Dr. Chugh noted that these results come from just one county during a single year, but he said the study paves the way for similar efforts to study sudden cardiac death in other communities by demonstrating a practical method of identifying cases as they occur. He said researchers don’t need to settle for reviewing death certificate reviews, which are often imprecise and incomplete and typically lead to overestimates of sudden cardiac deaths.
“It is important to assess the burden of sudden cardiac death on a community-wide basis, and it can be done. Secondly, if it is done is a systematic manner, you can actually get a fair amount of detail about each person who had sudden cardiac death, and that’s the only way you’ll be able to figure out risk factors for such a sudden and unexpected event,” Dr. Chugh said.
Sudden cardiac death is generally thought to kill three times as many men as women, so Dr. Chugh said the researchers were surprised to find there were almost as many women (151 cases, 43 percent) as men (202 cases, 57 percent) who suffered sudden cardiac death during this study.
“This burden of sudden cardiac death may be shared more equally between the genders than we previously expected,” he said.

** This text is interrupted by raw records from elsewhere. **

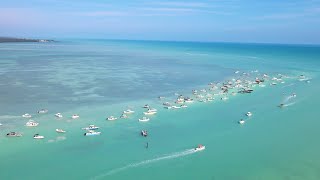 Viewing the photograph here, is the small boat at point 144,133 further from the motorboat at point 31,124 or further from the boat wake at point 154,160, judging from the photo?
the motorboat at point 31,124

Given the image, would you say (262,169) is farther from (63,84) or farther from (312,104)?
(63,84)

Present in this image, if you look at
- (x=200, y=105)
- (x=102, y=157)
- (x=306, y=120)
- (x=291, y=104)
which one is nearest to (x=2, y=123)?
(x=102, y=157)

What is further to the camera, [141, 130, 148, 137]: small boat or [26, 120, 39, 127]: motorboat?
[26, 120, 39, 127]: motorboat

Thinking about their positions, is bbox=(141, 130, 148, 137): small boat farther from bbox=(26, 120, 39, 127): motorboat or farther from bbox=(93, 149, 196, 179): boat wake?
bbox=(26, 120, 39, 127): motorboat

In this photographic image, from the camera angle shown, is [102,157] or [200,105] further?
[200,105]

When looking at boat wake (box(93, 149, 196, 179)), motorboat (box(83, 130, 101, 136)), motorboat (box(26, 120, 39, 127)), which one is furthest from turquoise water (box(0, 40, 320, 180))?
motorboat (box(26, 120, 39, 127))

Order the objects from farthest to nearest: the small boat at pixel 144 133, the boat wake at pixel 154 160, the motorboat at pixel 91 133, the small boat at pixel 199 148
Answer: the small boat at pixel 144 133
the motorboat at pixel 91 133
the small boat at pixel 199 148
the boat wake at pixel 154 160

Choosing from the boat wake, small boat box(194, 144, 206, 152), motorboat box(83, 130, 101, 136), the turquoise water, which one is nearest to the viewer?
the boat wake

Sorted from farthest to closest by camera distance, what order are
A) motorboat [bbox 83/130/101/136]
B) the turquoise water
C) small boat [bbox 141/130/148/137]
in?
small boat [bbox 141/130/148/137]
motorboat [bbox 83/130/101/136]
the turquoise water

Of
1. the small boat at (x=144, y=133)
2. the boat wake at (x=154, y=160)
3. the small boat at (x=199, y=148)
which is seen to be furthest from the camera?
the small boat at (x=144, y=133)

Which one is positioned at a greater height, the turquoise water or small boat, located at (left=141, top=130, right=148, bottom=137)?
small boat, located at (left=141, top=130, right=148, bottom=137)

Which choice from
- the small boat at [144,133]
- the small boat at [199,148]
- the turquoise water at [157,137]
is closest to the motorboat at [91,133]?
the turquoise water at [157,137]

The study results did confirm that most victims had coronary artery disease and most deaths occurred at home. Dr. Chugh said that with a survival rate of only 8 percent, sudden cardiac arrest remains a difficult and devastating public health problem. He said the study methods his team used will help develop a more accurate picture of sudden cardiac death.

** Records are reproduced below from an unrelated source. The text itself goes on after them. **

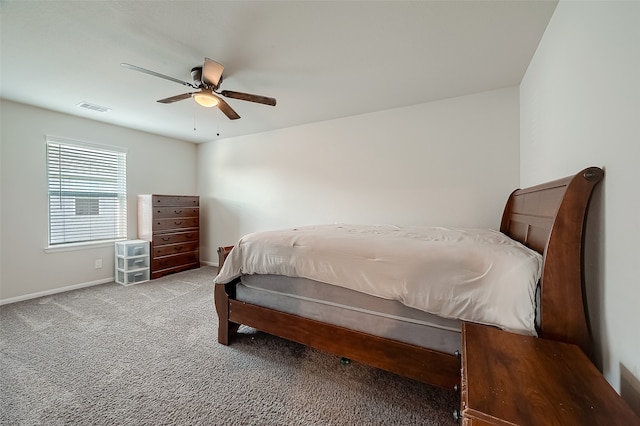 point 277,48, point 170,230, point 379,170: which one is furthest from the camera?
point 170,230

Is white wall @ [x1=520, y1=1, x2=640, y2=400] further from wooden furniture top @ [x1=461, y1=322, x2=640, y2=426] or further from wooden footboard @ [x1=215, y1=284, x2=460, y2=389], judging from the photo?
wooden footboard @ [x1=215, y1=284, x2=460, y2=389]

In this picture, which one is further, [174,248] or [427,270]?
[174,248]

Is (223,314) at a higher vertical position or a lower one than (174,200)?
lower

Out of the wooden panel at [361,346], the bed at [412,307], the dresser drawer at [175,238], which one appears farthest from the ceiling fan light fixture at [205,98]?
the dresser drawer at [175,238]

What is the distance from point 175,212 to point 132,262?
38.5 inches

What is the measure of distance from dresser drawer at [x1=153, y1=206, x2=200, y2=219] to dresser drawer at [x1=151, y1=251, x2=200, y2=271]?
2.23 feet

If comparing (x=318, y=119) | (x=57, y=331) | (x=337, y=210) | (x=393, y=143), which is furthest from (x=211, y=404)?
(x=318, y=119)

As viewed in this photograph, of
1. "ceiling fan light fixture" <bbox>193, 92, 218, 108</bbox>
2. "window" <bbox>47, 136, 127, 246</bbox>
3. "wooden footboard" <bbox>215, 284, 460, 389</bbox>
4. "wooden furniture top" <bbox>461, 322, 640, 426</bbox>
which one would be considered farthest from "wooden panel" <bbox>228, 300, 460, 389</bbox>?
"window" <bbox>47, 136, 127, 246</bbox>

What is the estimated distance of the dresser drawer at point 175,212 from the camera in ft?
13.1

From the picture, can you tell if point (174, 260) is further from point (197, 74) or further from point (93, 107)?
point (197, 74)

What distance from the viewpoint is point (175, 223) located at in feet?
14.0

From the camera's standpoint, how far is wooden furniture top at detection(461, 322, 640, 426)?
2.14 feet

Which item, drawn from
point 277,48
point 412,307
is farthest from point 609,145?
point 277,48

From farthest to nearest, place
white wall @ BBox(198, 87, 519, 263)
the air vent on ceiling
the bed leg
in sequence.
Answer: the air vent on ceiling, white wall @ BBox(198, 87, 519, 263), the bed leg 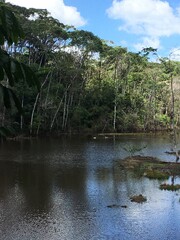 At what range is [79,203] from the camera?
12.7 meters

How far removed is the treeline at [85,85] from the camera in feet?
127

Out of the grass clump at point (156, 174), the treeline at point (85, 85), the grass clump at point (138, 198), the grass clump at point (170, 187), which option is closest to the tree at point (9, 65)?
the grass clump at point (138, 198)

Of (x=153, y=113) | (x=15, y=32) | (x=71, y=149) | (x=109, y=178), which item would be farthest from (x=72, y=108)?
(x=15, y=32)

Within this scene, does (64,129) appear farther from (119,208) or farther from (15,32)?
(15,32)

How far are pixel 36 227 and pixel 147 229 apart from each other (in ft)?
10.1

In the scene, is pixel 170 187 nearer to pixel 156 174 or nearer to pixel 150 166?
pixel 156 174

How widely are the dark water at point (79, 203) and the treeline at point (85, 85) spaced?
50.3 feet

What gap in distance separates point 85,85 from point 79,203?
35.4 metres

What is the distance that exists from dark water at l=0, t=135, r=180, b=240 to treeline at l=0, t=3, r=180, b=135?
15.3 m

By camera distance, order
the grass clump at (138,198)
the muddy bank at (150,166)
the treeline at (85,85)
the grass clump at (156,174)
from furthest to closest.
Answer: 1. the treeline at (85,85)
2. the muddy bank at (150,166)
3. the grass clump at (156,174)
4. the grass clump at (138,198)

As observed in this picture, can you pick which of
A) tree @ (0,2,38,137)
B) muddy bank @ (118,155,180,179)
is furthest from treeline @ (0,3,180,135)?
tree @ (0,2,38,137)

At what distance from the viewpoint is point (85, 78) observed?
155ft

“The first thing you have to know if you want to solve a problem is to figure out how big the problem is,” Dr. Chugh said.
Kelley P. Anderson, M.D., F.A.C.C. at the Marshfield Clinic in Wisconsin, who was not part of this research effort, said that sudden cardiac death remains a threat worthy of intense national and individual concern even if the number of cases is not as high as previously estimated. He said he is concerned by the apparently poor performance of the death certificate review in this study.

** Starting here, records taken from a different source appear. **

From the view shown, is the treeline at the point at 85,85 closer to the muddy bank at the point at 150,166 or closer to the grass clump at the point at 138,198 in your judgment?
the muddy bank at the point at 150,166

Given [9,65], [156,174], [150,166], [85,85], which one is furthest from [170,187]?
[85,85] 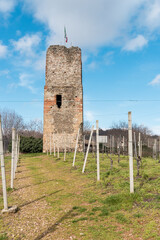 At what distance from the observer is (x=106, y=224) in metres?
4.52

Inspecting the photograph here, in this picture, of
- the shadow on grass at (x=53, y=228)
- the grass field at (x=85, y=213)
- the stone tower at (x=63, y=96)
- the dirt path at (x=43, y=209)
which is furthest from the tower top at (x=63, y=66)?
the shadow on grass at (x=53, y=228)

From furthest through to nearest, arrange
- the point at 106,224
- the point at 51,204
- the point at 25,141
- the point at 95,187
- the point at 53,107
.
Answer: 1. the point at 25,141
2. the point at 53,107
3. the point at 95,187
4. the point at 51,204
5. the point at 106,224

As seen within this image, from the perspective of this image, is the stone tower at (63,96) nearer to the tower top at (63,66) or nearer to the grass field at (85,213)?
the tower top at (63,66)

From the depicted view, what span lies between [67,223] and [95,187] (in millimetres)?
3072

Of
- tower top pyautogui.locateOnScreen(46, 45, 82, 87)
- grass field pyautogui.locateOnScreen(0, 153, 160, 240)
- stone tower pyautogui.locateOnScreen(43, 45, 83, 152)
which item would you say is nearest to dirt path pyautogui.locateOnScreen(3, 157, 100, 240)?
grass field pyautogui.locateOnScreen(0, 153, 160, 240)

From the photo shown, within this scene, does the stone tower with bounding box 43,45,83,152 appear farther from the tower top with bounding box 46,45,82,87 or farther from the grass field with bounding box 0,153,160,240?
the grass field with bounding box 0,153,160,240

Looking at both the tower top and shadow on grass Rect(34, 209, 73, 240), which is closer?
shadow on grass Rect(34, 209, 73, 240)

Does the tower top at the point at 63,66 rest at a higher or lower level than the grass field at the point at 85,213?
higher

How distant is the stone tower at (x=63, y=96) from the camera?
24.9 metres

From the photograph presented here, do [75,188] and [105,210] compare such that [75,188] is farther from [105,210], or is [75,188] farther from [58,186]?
[105,210]

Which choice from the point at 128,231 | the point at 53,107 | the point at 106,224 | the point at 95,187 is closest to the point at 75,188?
the point at 95,187

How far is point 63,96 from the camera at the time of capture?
2534cm

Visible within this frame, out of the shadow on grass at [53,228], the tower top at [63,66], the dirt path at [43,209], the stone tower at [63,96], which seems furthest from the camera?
the tower top at [63,66]

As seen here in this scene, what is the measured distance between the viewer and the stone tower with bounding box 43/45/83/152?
979 inches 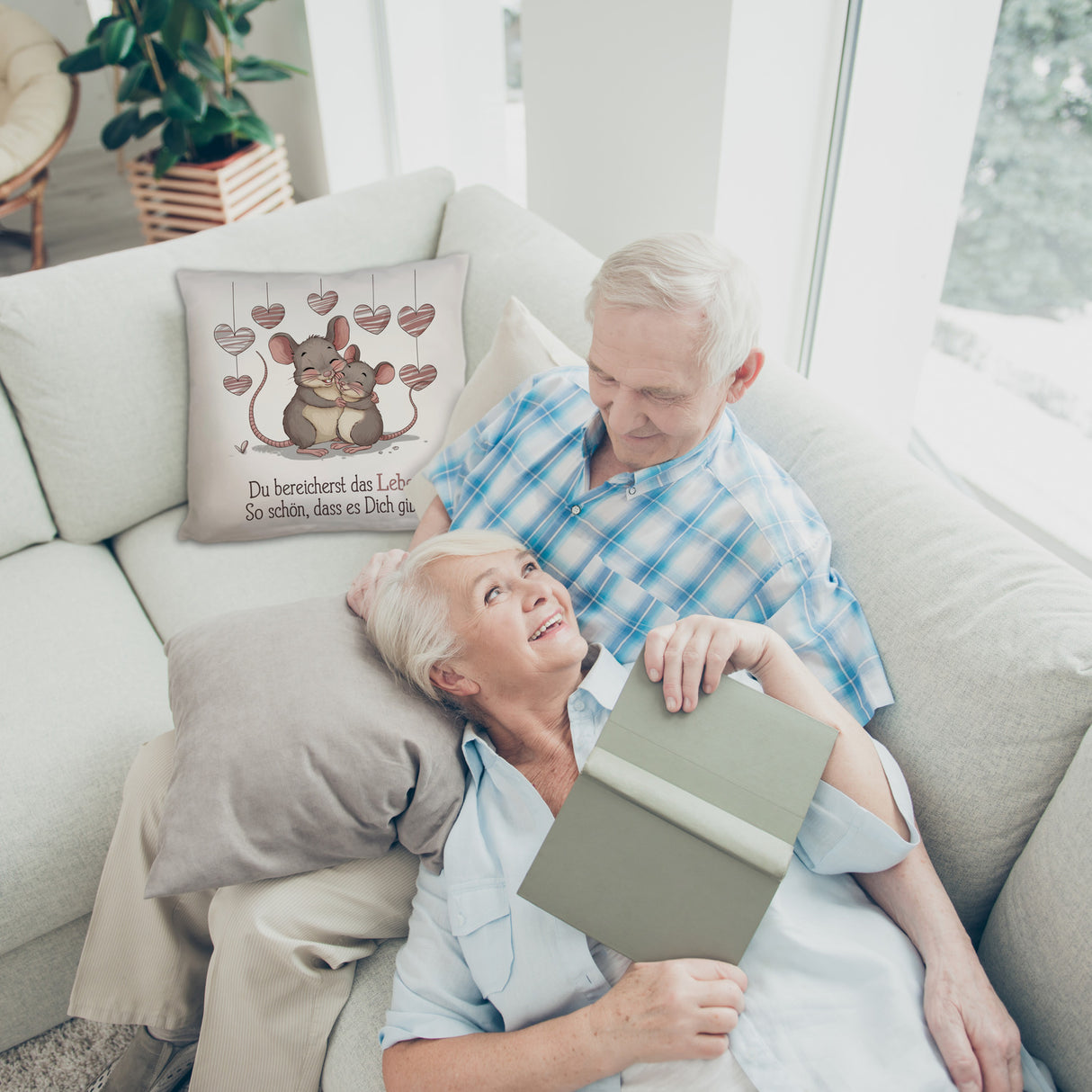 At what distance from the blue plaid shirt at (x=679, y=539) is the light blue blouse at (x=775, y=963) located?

“This suggests that the CDC’s and similar estimates are missing the boat in terms of the identification of populations and individuals at risk. This could have a significant impact on how a physician should manage his or her patients and how health care resources should be used,” he said.
Dr. Anderson added that this study needs to be replicated in other communities.
“The Chugh study was rigorously performed but the analysis addresses one community over a limited period of time. Thus, there is potential for substantial statistical variability. For instance, the CDC reports that Oregon has an age-adjusted sudden cardiac death rate of 146 cases per 100,000 people, which is well below the national average of 175 cases per 100,000 people. There is, therefore, an urgent need for accurate assessments of sudden cardiac death incidence and risk factors in other communities,” he said.
Douglas P. Zipes, M.D., M.A.C.C. at the Indiana School of Medicine noted that the prospective method used by the researchers is an improvement over most previous efforts.
“Virtually all of the other studies estimating the incidence or prevalence of sudden cardiac death are retrospective and are based on medical examiner reports, which may be inaccurate. The authors of this study claim a high degree of verification of each death, which is important. If their results are accurate, past studies significantly overestimate the incidence of sudden cardiac death. This finding has major implications for the use of automatic external defibrillators, implantable cardioverter-defibrillators, public education and more,” Dr. Zipes said.